Your task.
Return the material exactly, first line through the line containing "Lisbon Walk: Old", and nothing more. Pictures stay out.
========================================
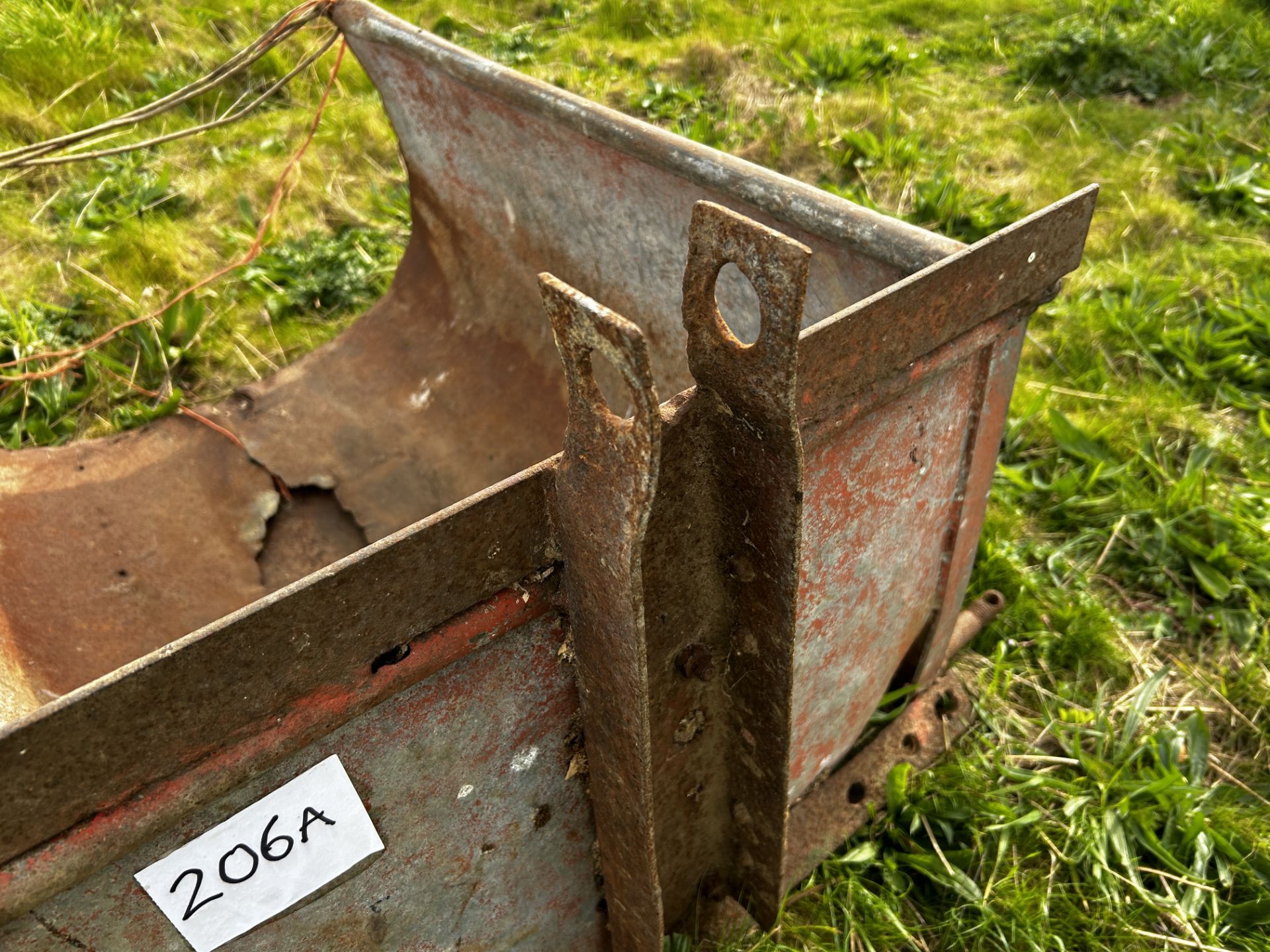 Small farm made linkage transport box. - Image 5 of 5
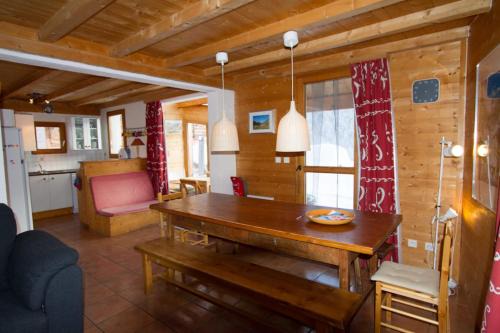 Nevache Chalet De Esquí | Le Baoùba Hameau des Chazals Nevache Hautes Alpes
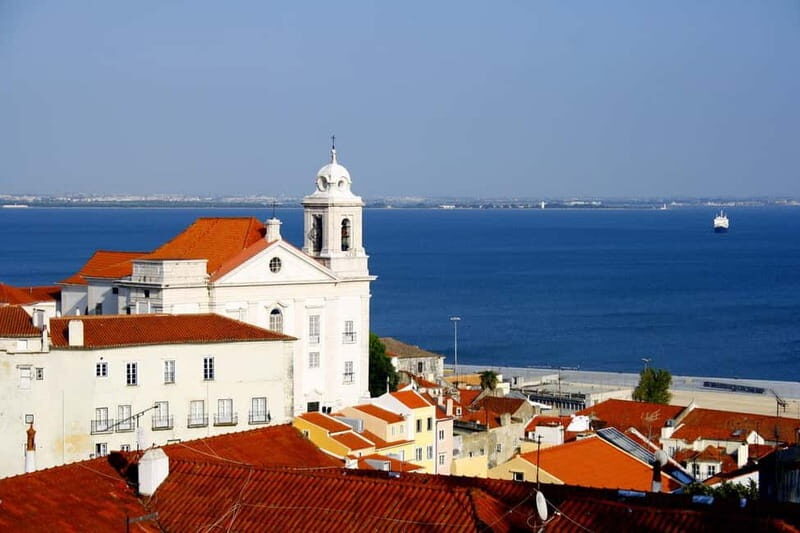Lisbon Walk: Old Quarter, Hidden Walls & Stunning Views - An In-Depth Look at the Tour Experience
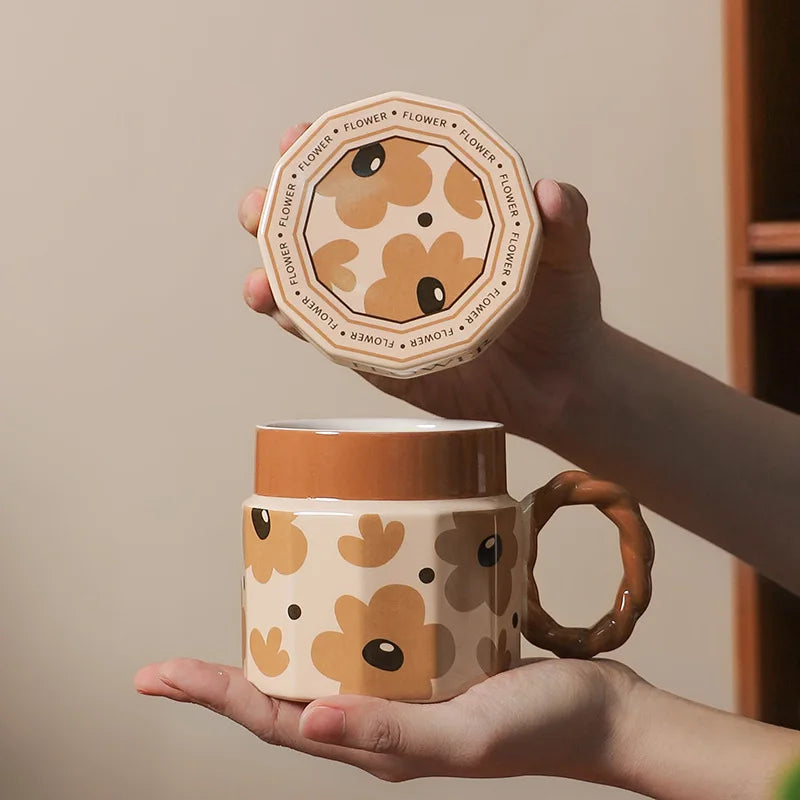 Retro Ceramic Coffee Mug with Lid – Vintage Style Luxury Drinking Cup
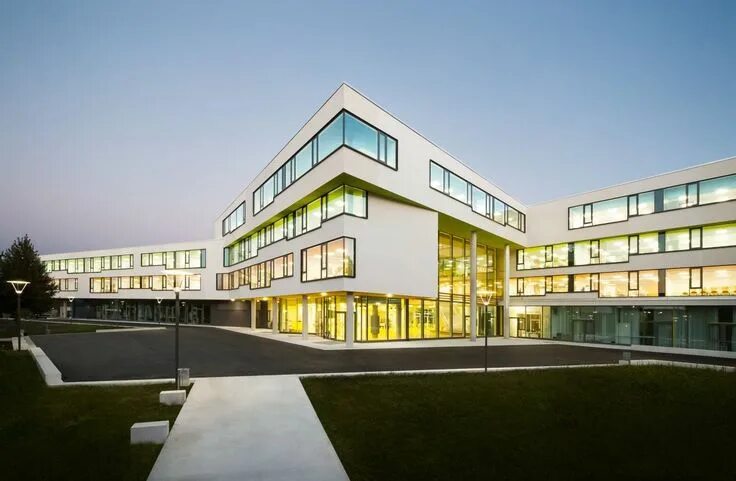 Покажи фото школы Gallery of The New Ergolding Secondary School / Behnisch Architekten + Architekt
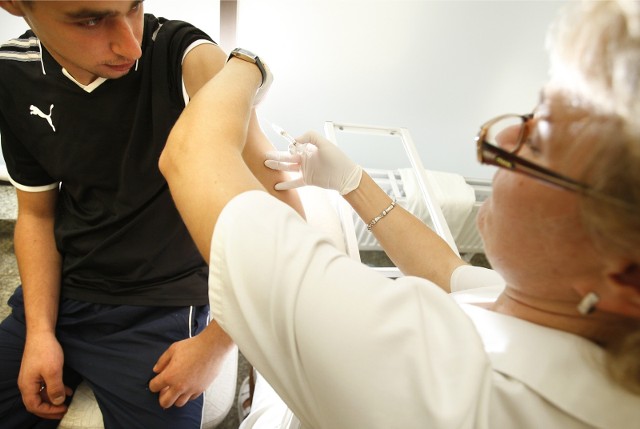 W Polsce przeciwko grypie szczepi się tylko 4 procent Polaków. Zdaniem lekarzy to bardzo mało.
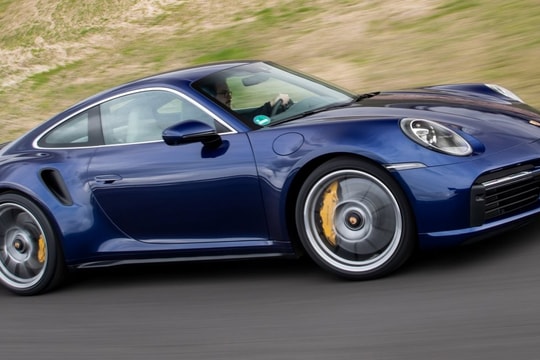 Porsche ra mắt 911 GT3 2022, giá từ 3,7 tỷ đồng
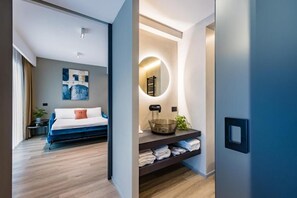 Suite Junior, balcon, vue sur la ville | Salle de bain | Articles de toilette (gratuits), séchoir à cheveux, peignoirs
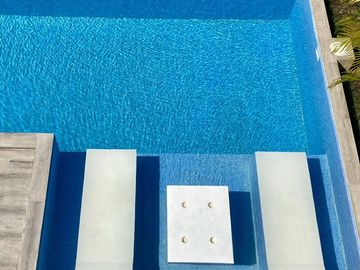 Moderna y exclusiva casa frente a la marina y con muelle propio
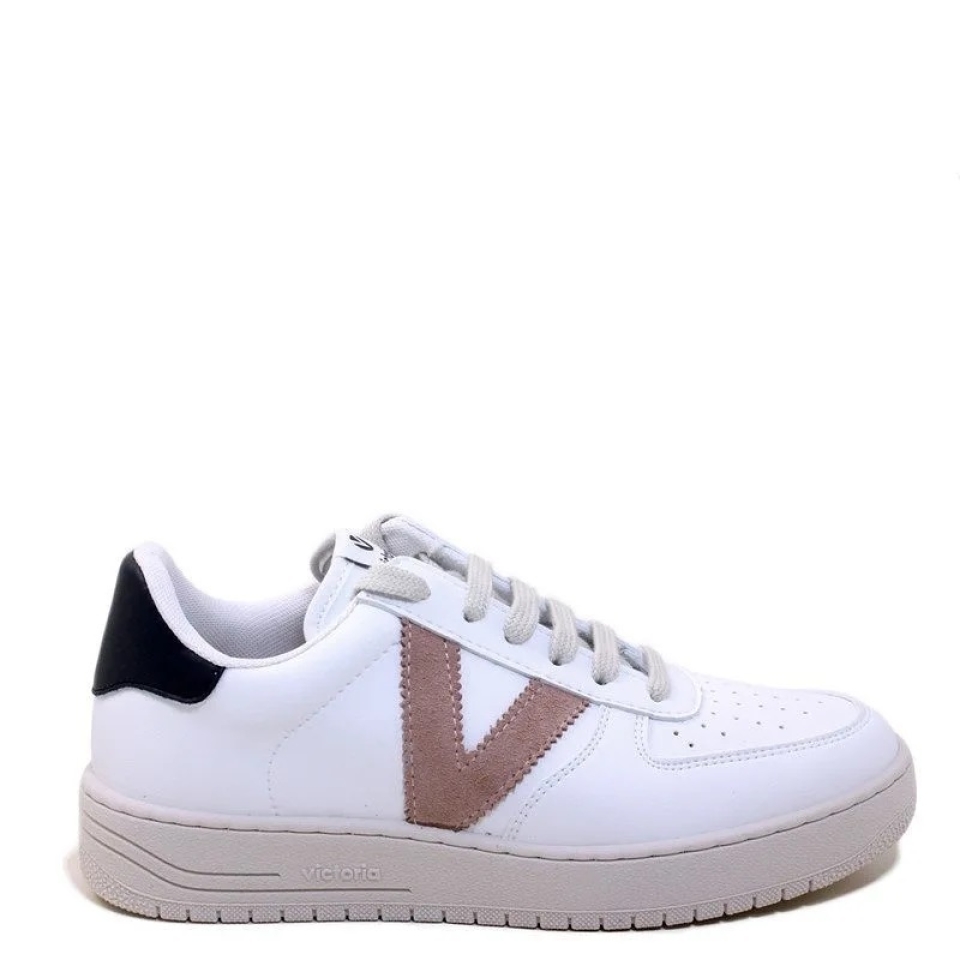 Sneakers para cualquier momento, y por solo 59,90€. ¿Cuál es tu combinación favorita? . . . . . . . #AW21 #sneakers #newseason #style #suelablanca #victoria #totalwhite #shoes #color #notelopierdas #quemepongo #trend #moda #v #santvicençdelshorts #santfeliudellobregat #sabadell #martorell #molinsderei #bcn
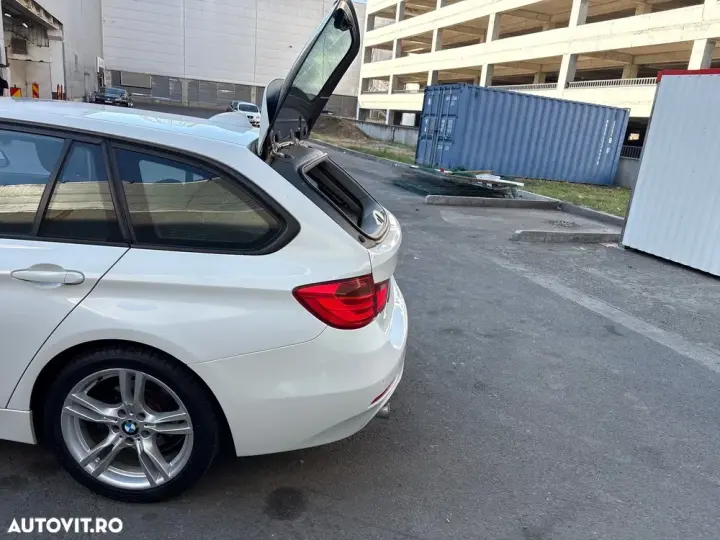 BMW Seria 3 F30/F31/F34 [2011 - 2019] 320d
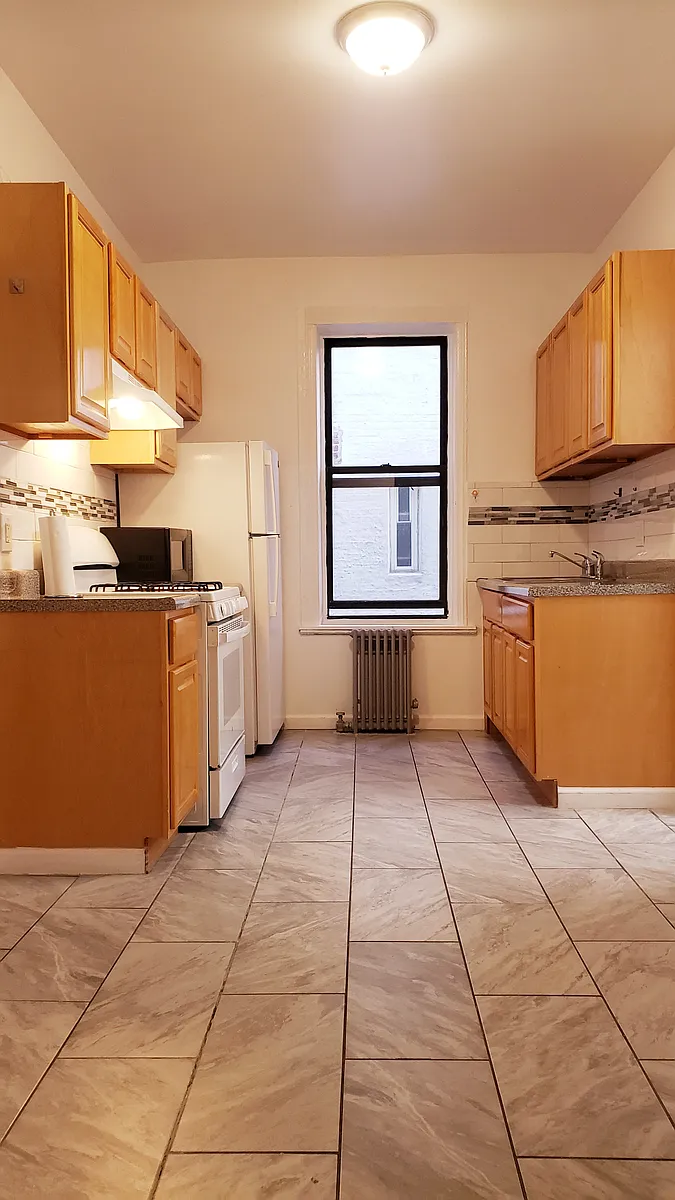 Building Photo - 73rd St
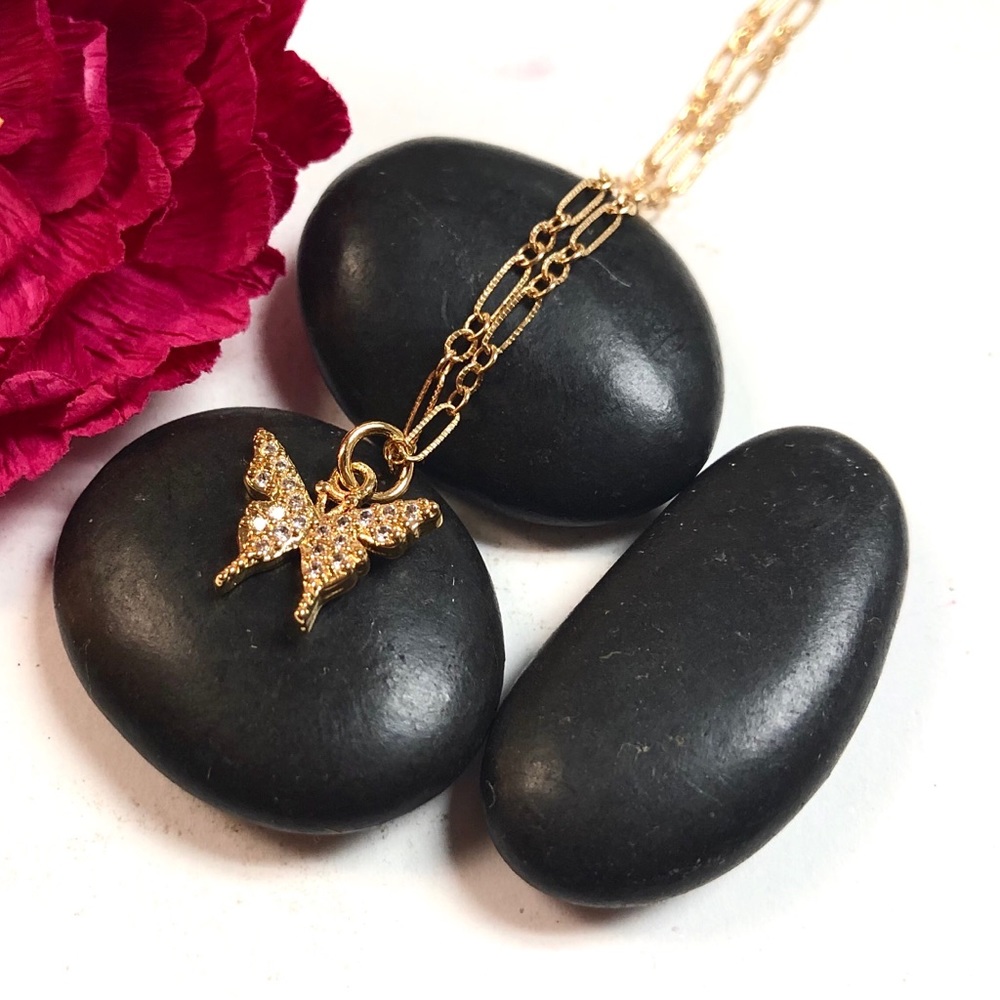 Butterfly Necklace, Dragonfly, Insect, Bee, Flower - Picture 4 of 10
========================================
Task answer.
 Small farm made linkage transport box. - Image 5 of 5
 Nevache Chalet De Esquí | Le Baoùba Hameau des Chazals Nevache Hautes Alpes
Lisbon Walk: Old Quarter, Hidden Walls & Stunning Views - An In-Depth Look at the Tour Experience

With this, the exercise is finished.